Es necesario sostener el esfuerzo para construir puentes sólidos entre la neurociencia, la psicología y la educación
Pensemos en lo que está detrás de esta primera reflexión.Realmente no basta con entusiasmarnos con los avances científicos para “hacer” neuroeducación.
Sabemos que la neurociencia nos deslumbra, nos ofrece explicaciones, evidencias y bases para crear nuevas herramientas. Pero si queremos transformar verdaderamente la educación, no alcanza con la admiración por el conocimiento científico. Es necesario hacer algo más complejo, más comprometido: construir puentes sólidos y sostenidos entre la neurociencia, la psicología y la práctica educativa.
Con esta característica nació el campo de la neuroeducación: en pocas palabras, la neurociencia debía comprender la base neurobiológica del aprendizaje, partiendo del sentido humano que la psicología aporta a las investigaciones; la educación debía señalar los puntos de mayor complejidad en los procesos de enseñanza y aprendizaje, para que pudieran ser investigados con mayor profundidad; y la psicología no solo debía seguir aportando a ambas disciplinas, sino también generar condiciones que acercaran la investigación a la práctica educativa —y viceversa.
Desde el inicio, se visualizó un trabajo transdisciplinario, capaz de construir no solo una nueva epistemología o nuevos métodos de investigación, sino también herramientas concretas para transformar los entornos educativos.
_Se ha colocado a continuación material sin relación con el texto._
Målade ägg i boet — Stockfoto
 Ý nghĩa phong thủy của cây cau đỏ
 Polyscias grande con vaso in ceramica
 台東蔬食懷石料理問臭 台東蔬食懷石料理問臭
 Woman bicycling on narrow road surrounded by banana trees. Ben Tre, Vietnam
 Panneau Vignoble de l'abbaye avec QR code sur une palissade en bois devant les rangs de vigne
Sin ese esfuerzo integrador, ya se vislumbraba el riesgo de que los conceptos fueran difundidos y aplicados de forma superficial, descontextualizada o incluso de manera irresponsable, abriendo así espacio a los conocidos neuromitos.
Por ello, la neuroeducación no es simplemente un curso que se dicta a los docentes sobre ciertos descubrimientos del cerebro. Tampoco consiste en entusiasmarse con hallazgos aislados y asumir que, con eso, ya se está transformando la educación. Ese no es el espíritu del campo.
La neuroeducación es compleja. No se organiza en etapas lineales, ni sigue atajos. Implica construir jerarquías de profundidad entre saberes, generar lenguajes compartidos entre disciplinas, y traducir el conocimiento científico para que dialogue con la práctica educativa, sin perder su rigor. Solo después de ese trabajo previo —entre ciencia, psicología y educación— es posible formar verdaderamente a los educadores, y desde ahí, repensar y rediseñar la práctica con evidencia y sentido.
Esta primera reflexión es una invitación a bajar el volumen de las promesas rápidas y a elevar la conversación hacia un lugar más ético, más profundo, más honesto. Transformar la educación no es repetir discursos. Es sostener, con ciencia y con conciencia, el diálogo complejo entre la neurociencia, la psicología y la educación. Un diálogo que no debe romantizarse ni simplificarse, sino ser protegido, nutrido… y respetado.
Quienes me conocen saben que no hablo de la neuroeducación desde afuera. Comencé este camino mucho antes de que la neuroeducación tuviera nombre. He estado allí desde los noventa, construyéndola, cuestionándola, cuidándola.